Хотя г-жа де Ланже никому не поверяла своих мыслей, мы вправе предполагать, что Монриво теперь был ей далеко не безразличен. Занять воображение женщины — это уже величайшая победа для мужчины. В её чувствах должен произойти перелом в ту или другую сторону. Бросьте женщину под копыта бешеной лошади или натравите на неё дикого зверя, — конечно, она падёт на колени и будет ждать смерти; но если зверь пощадит и не тронет её, она влюбится в коня, во льва, в быка и признается в этом без стеснения. Герцогиня чувствовала себя в когтях льва; она испытывала ужас, но отнюдь не ненависть. Два противника, находящиеся в столь странных отношениях друг с другом, три раза за последнюю неделю встречались в свете. И всякий раз на кокетливые вопросы герцогини Арман отвечал почтительным поклоном и такой жестокой иронической улыбкой, что её утренние зловещие страхи, вызванные визитной карточкой, лишь возрастали. Жизнь наша зависит только от чувств, а чувства разделили их бездонною пропастью.

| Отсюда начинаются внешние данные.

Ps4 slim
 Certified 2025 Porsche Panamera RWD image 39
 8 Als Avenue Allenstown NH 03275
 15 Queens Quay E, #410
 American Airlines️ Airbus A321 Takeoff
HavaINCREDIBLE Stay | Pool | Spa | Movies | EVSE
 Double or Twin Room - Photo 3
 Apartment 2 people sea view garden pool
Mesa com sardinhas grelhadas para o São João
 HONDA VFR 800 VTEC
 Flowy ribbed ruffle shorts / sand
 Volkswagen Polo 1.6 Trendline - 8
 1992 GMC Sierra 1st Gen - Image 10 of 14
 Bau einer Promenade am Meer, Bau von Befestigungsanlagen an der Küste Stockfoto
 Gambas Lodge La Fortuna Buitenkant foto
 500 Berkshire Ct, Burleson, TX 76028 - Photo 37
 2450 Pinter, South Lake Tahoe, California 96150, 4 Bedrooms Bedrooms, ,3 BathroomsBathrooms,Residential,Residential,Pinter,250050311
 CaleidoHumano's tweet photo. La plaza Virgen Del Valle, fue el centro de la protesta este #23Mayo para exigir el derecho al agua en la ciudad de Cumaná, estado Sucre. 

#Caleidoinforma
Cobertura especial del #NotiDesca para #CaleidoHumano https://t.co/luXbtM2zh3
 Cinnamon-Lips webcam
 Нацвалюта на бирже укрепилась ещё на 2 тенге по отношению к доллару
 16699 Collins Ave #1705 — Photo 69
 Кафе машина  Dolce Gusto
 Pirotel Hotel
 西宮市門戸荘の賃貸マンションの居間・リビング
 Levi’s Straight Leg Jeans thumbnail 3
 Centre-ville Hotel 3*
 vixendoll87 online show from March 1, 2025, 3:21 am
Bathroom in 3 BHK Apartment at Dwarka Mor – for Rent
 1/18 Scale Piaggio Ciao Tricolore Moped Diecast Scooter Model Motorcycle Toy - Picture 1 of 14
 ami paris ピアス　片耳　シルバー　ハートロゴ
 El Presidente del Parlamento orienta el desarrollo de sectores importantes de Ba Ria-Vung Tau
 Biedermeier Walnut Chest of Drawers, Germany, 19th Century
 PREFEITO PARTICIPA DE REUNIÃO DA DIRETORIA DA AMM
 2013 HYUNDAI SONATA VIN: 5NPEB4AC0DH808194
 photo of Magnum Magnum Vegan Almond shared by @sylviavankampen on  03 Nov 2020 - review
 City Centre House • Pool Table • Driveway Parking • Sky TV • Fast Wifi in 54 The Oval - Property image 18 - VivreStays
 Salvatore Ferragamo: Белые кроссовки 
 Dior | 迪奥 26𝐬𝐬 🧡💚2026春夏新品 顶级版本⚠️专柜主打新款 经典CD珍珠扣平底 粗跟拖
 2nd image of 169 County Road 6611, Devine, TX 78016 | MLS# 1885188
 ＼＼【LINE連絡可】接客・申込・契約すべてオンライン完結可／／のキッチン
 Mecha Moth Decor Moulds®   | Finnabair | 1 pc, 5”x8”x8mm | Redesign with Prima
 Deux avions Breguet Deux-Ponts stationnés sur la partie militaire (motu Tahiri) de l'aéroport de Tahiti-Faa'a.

В начале следующей недели сестра маркиза де Ронкероля графиня де Серизи давала большой бал, на котором должна была присутствовать г-жа де Ланже. Первый, кого увидела герцогиня при входе в зал, был Арман; ла этот раз Арман ждал её, так ей почему-то показалось. Они обменялись взглядами, и вдруг она вся покрылась холодным потом. Ей почудилось, что Монриво придумал какую-то страшную, неслыханную месть, соответствующую его характеру; месть была изобретена, подготовлена, она бурлила, она кипела. Глаза отвергнутого любовника метали молнии, лицо его горело ненавистью и злорадством. Как ни стремилась герцогиня сразить его холодным и дерзким взглядом, глаза её померкли. Она подошла к графине де Серизи, и та невольно воскликнула:
— Антуанетта, дорогая, что с вами? На вас страшно смотреть.
— Ничего, все пройдёт во время танцев, — ответила она, подавая руку склонившемуся перед ней молодому человеку.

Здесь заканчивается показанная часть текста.